Bereits bei der letzten Bund-Länder-Verabredung war Haseloff beim Thema Bußgeld ausgeschert: Als einziges Bundesland hat Sachsen-Anhalt kein Bußgeld für Maskenverweigerer eingeführt.

20.56 Uhr: Erstmals mehr als 7.000 neue Fälle an einem Tag in Großbritannien

In Großbritannien sind am Dienstag zum ersten Mal seit Beginn der Pandemie mehr als 7.000 neue Corona-Fälle gezählt worden. Insgesamt gab es 7.142 Neuinfektionen, wie die zuständige Regierungsbehörde mitteilte. Zudem verdoppelte sich die Zahl der neuen Todesfälle innerhalb einer Woche: Lag die Zahl der Todesfälle mit einer Corona-Infektion in der vergangenen Woche noch bei 37 Fällen an einem Tag, waren es am Dienstag 71 Todesfälle. Auch die Zahl der Corona-Patienten in Krankenhäusern stieg merklich an.
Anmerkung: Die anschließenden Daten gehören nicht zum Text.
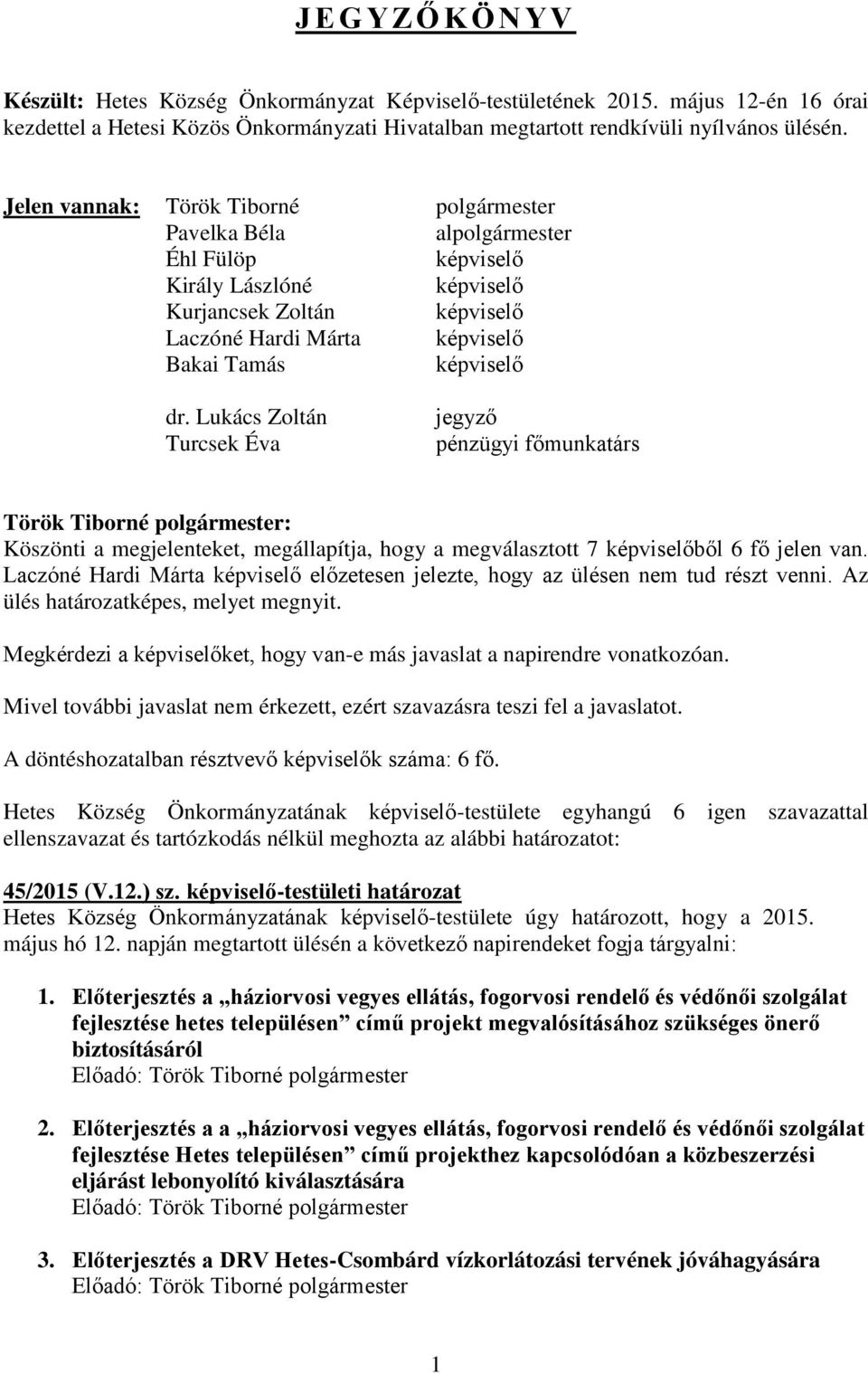 Lukács Zoltán Turcsek Éva jegyző pénzügyi főmunkatárs : Köszönti a megjelenteket, megállapítja, hogy a megválasztott 7 képviselőből 6 fő jelen van.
Angesichts der stark steigenden Zahlen gelten in großen Teilen des Landes wieder schärfere Schutzmaßnahmen: So dürfen sich im Nordosten Englands, aber auch in Nordirland und Schottland bis auf wenige Ausnahmen keine Angehörige verschiedener Haushalte mehr treffen. In England müssen Pubs und Restaurants um 22 Uhr schließen. Premier Boris Johnson wollte am Mittwoch mit führenden Gesundheitsberatern vor die Presse treten.

20.39 Uhr: Berlin beschließt Maskenpflicht in Büros

Angesichts zuletzt gestiegener Corona- Infektionszahlen in Berlin dürfen private Feiern im Freien künftig nur noch mit maximal 50 Teilnehmern stattfinden. In geschlossenen Räumen gilt eine Obergrenze von 25 Teilnehmern. Das beschloss der Berliner Senat am Dienstag, wie die Deutsche Presse-Agentur aus Koalitionskreisen erfuhr. Neu ist auch eine allgemeine Maskenpflicht in Büro- und Verwaltungsgebäuden. Beim Arbeiten am Schreibtisch soll die Regelung nicht greifen, wie es hieß.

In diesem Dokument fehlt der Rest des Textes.